The findings of Mandelbrot et al may also have implications for developing countries focusing on the use of short-course antiretroviral regimens initiated in late third trimester. The Perinatal Transmission (PETRA) study, involving a predominantly breastfeeding population in Africa, used a similar lamivudine-zidovudine combination but provided treatment for only 4 weeks to the mother and 1 week to the infant in its long-treatment group.11 The efficacy level in this group was estimated at 50% and transmission rate was 8%. Comparison of viral load data from the PETRA study (if available) with the viral load data in the current study may explain some of the differences in early transmission rates and suggest an optimal duration of antenatal therapy with lamivudine. For countries that are implementing the short-course zidovudine regimen evaluated in Thailand,12 addition of antenatal lamivudine, with or without neonatal lamivudine, may provide additional significant protection by further reducing viral load level and raises the possibility of achieving transmission rates of less than 5% with abbreviated regimens. The potential additional benefit of lamivudine vs nevirapine in resource-poor settings also will be important to evaluate.

Until recently, the emphasis in adult treatment of HIV infection was on initiating combination antiretroviral therapy as early as possible,13 which likely led some clinicians and patients to decide to initiate or continue combination therapy early in pregnancy. However, in February 2001, the adult treatment guidelines were revised substantially.13 The new guidelines are more conservative: initiation of treatment is recommended in asymptomatic individuals with fewer than 350 CD4 cells/µL or with plasma RNA levels greater than 55 000 copies/mL. Although it is too early to assess the impact of these new recommendations on treatment decisions for pregnant women, it is likely that the new adult treatment recommendations will result in fewer pregnant women starting treatment for their own HIV infection during pregnancy. Thus, the issue of combination therapy as prophylaxis against perinatal transmission will become increasingly important. In this regard, the study by Mandelbrot et alprovides important and timely data on the efficacy and safety of the lamivudine-zidovudine combination.

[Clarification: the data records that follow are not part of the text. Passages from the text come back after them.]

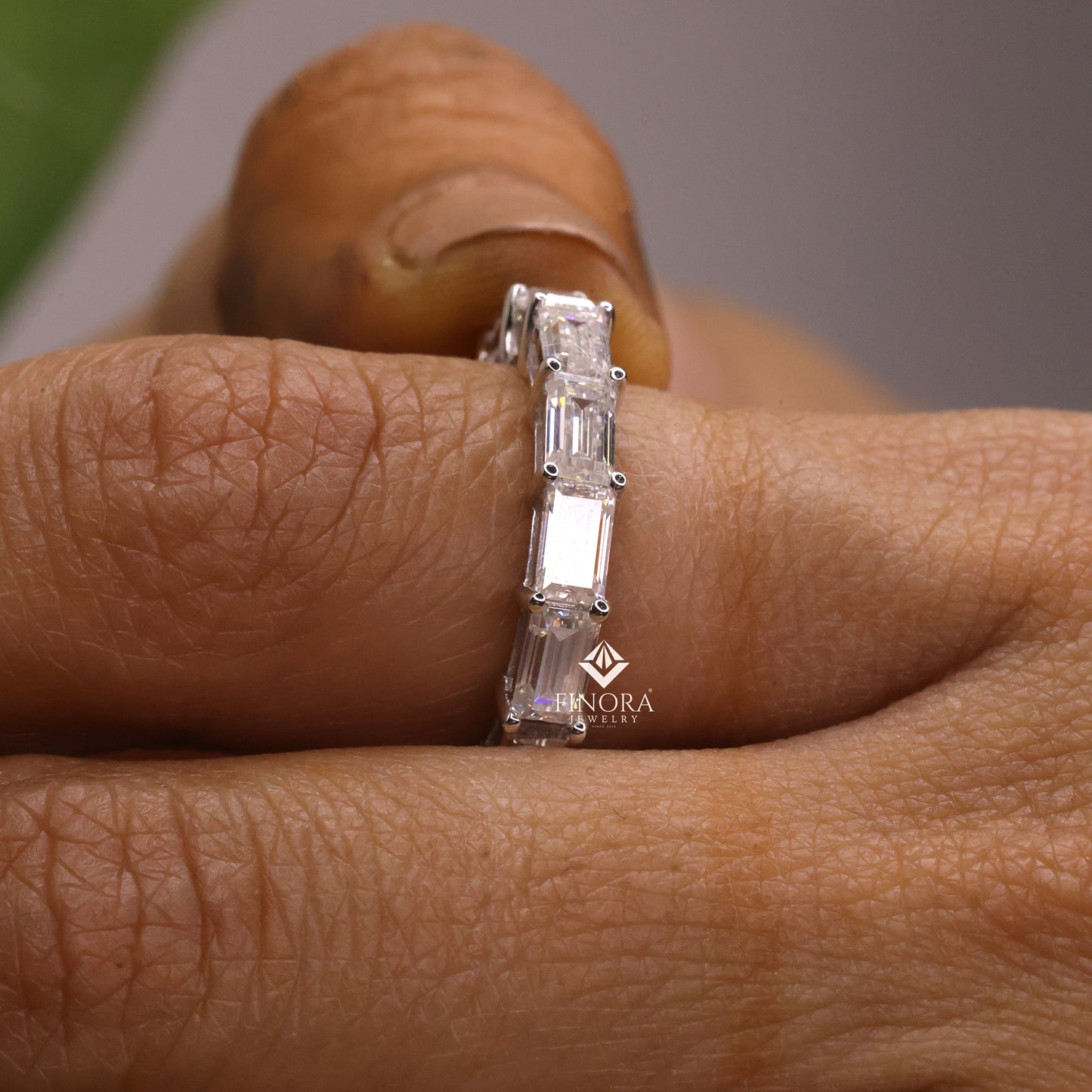 baguette cut moissanite eternity wedding band, stackable ring in 925 silver, 10k & 14k gold – finora jewelry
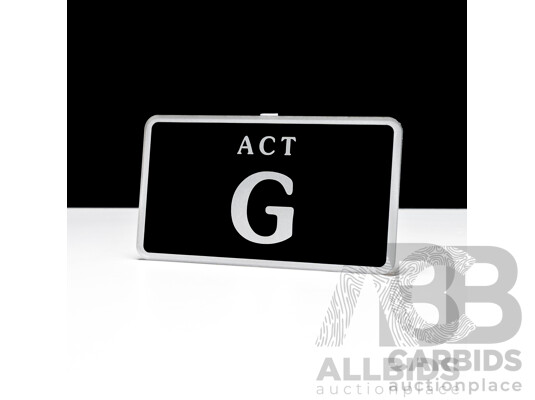 ACT Single Letter MOTORBIKE NUMBER PLATE - G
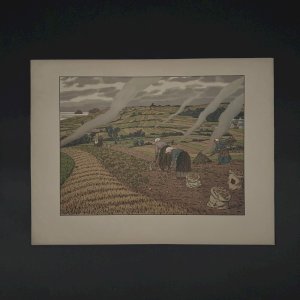 Lithographie par Henri Rivière Au Vent de Noroît - Le Travail des Champs A5585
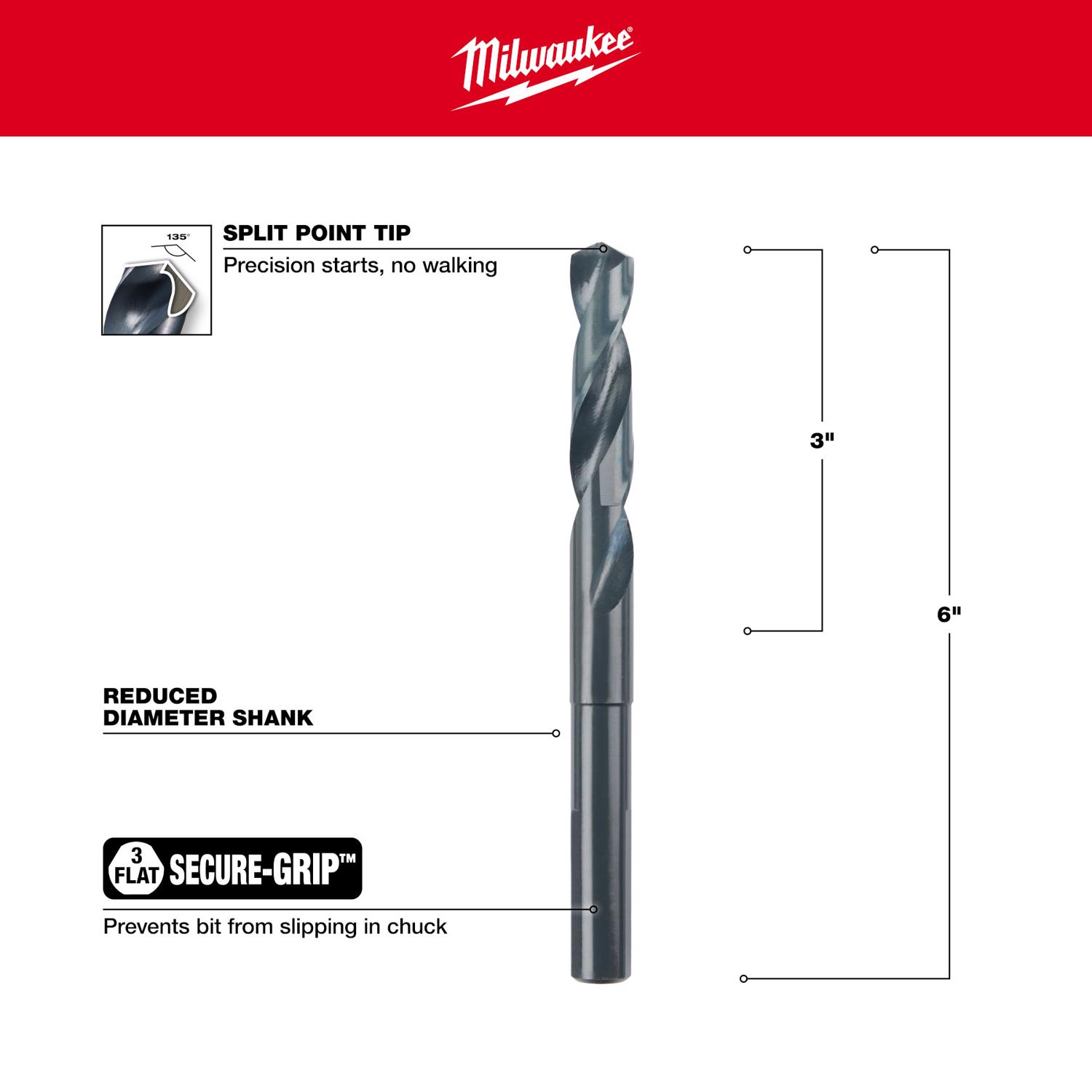 MW Thunderbolt 17/32 in. X 6 in. L Drill Bit 1 pc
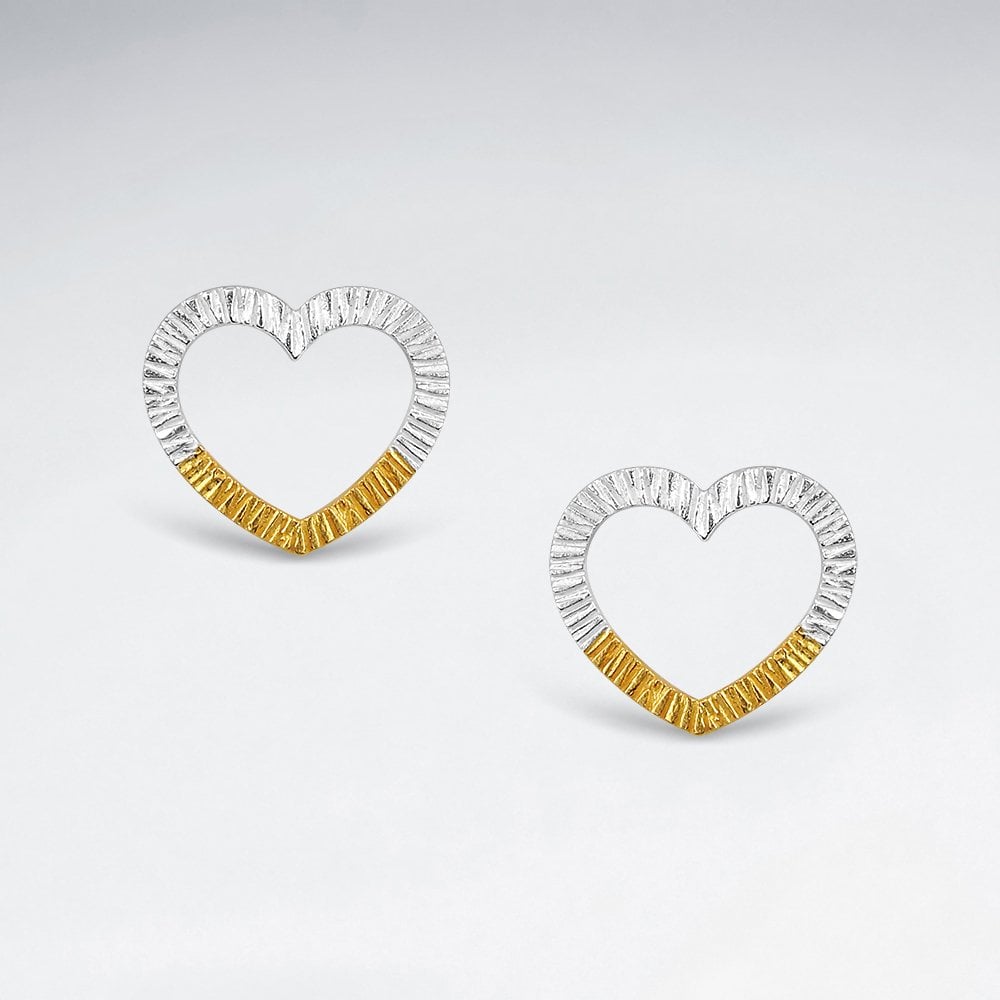 Sterling Silver Textured Open Heart Earrings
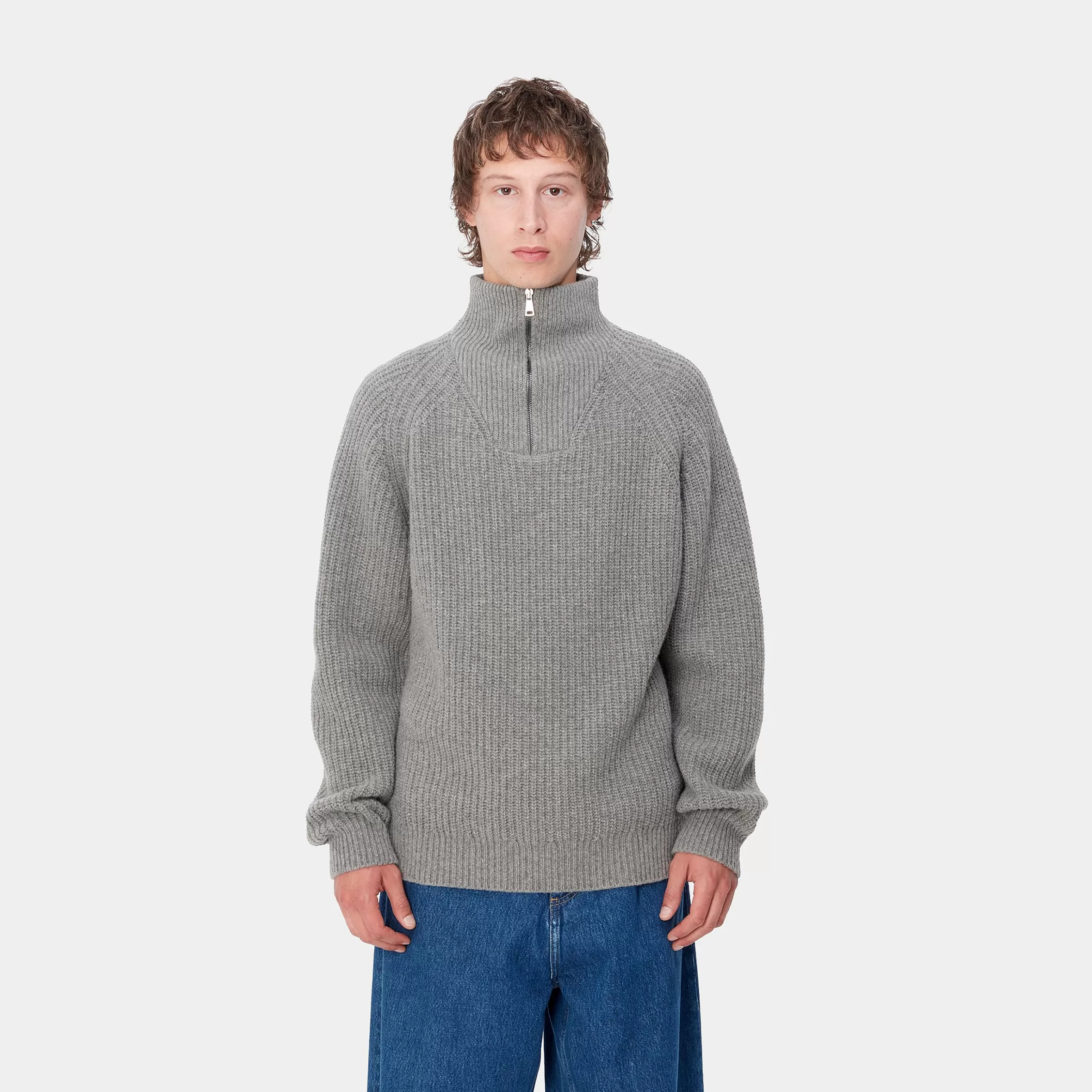 Carhartt WIP Strick>Marlon Half Zip Sweater Grey Heather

In developed countries, additional interventions that enhance the 076 regimen, such as combination lamivudine-zidovudine and zidovudine plus caesarean delivery, offer the possibility of virtually eliminating perinatal HIV transmission. Barriers to this goal include identifying and offering prophylaxis to all HIV-positive pregnant women inantenatal care, and providing effective interventions for HIV-infected women who present in labor. In sharp contrast, in resource-poor countries where the problem is so much greater, the urgent challenge is to implement basic perinatal HIV prevention programs offering proven, simplified interventions.